Ilhyemir did not stop until he was standing at her feet. Here, he dropped to one knee and crossed his left arm over his chest in a salute.
“The phylactery has been moved.”
“What?” the woman shifted in her chair so that she was leaning over Ilhyemir.
He looked up.
“We have sighted our quarry, but we have the feeling he isn't going to be holding still much longer.”
“He?”
Ilhyemir nodded.
“The necromancer's brother.”
“She has no siblings.”
“No living ones.”
The woman tilted her head to one side, attempting to ascertain what Shadow meant by that.
“She passes on her trusted phylactery, her life-source, to a mindless undead?”
Ilhyemir shook his head and stood.
“No. Not mindless, sadly, or our job would be finished. We've done our research. Zauaere Delyl's brother died almost six hundred years ago.”
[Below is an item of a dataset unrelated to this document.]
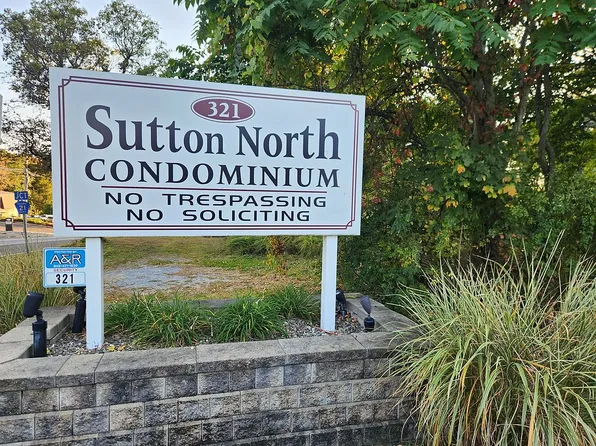 321 Titusville Rd, Poughkeepsie, NY 12603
“What? Was he resurrected?”
“Not quite. She poured an immense amount of magic into him mere minutes after he died, before his soul had fled his body. He is free-willed, immortal, and it makes him strong.”
“So we have something more akin to a banshee or a Lich on our hands here, then?”
“We do have a Lich on our hands.”
Liches were, in short, what Archmages were to wizards in the world of necromancy. They were masters of their chosen craft, manipulation of the dead, as well the art of illusion. Liches were casters that had traded their human feelings, love, compassion, for an immortal body. Without their powers of illusion, Liches appeared as skeletal forms of themselves, their flesh a sacrificial component of the most difficult spell any necromancer would ever cast. However, Liches could appear in what ever form they wished, from man to animal. Zauaere Delyl had simply chosen to retain her true form. Ilhyemir had no idea why.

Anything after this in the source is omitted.